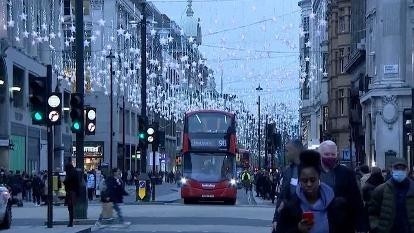 疫情反彈致服務業遭“血洗”英國政府計劃出手救助 疫情反彈致服務業遭“血洗”英國政府計劃出手救助
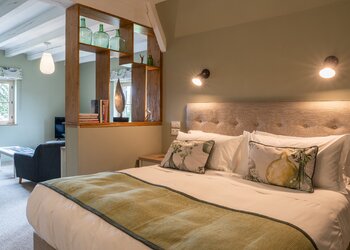 Top Holiday Homes | Bed and breakfast
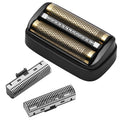 Shaver Replacement Foil & Inner Cutters for Andis 17300, Black, 1 Pack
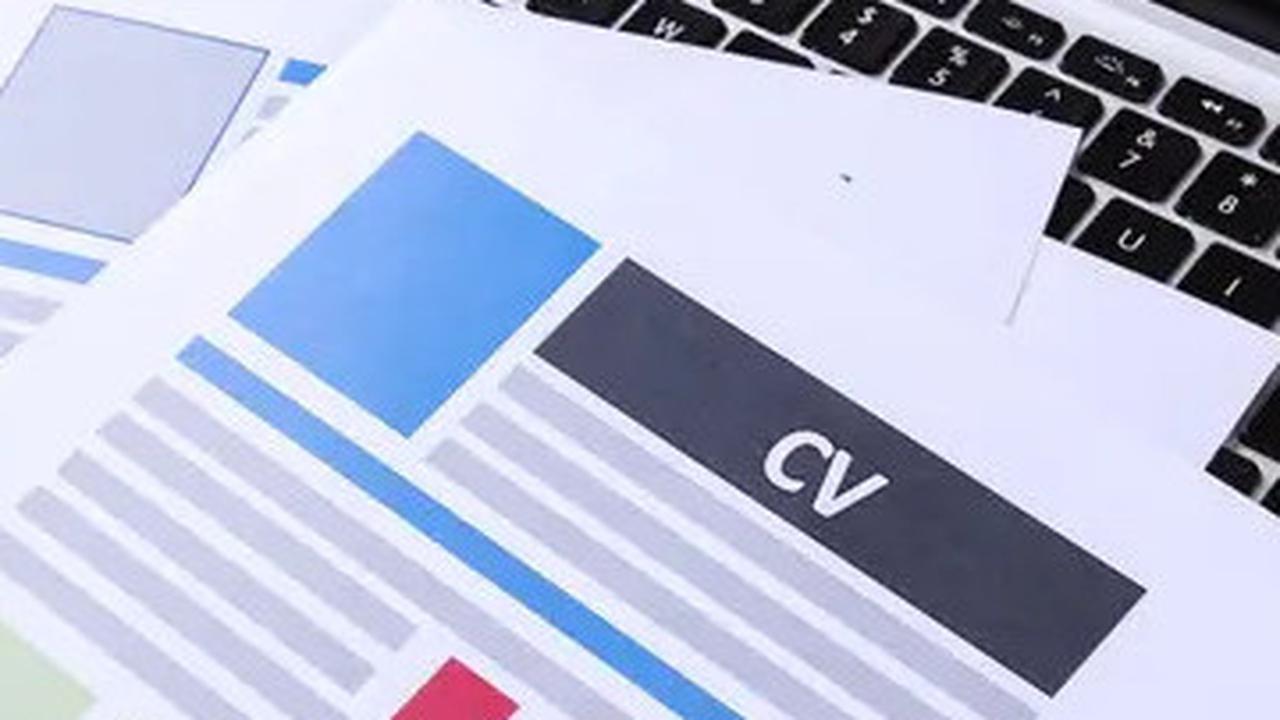 Wajib Tahu! 2 Kesalahan Fatal di CV yang Bikin Kamu Gagal Dapat Kerja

# # # # #

Description of the task:
Restate the material above word for word, dropping the pictures.

Written reply:
 疫情反彈致服務業遭“血洗”英國政府計劃出手救助 疫情反彈致服務業遭“血洗”英國政府計劃出手救助
 Top Holiday Homes | Bed and breakfast
 Shaver Replacement Foil & Inner Cutters for Andis 17300, Black, 1 Pack
 Wajib Tahu! 2 Kesalahan Fatal di CV yang Bikin Kamu Gagal Dapat Kerja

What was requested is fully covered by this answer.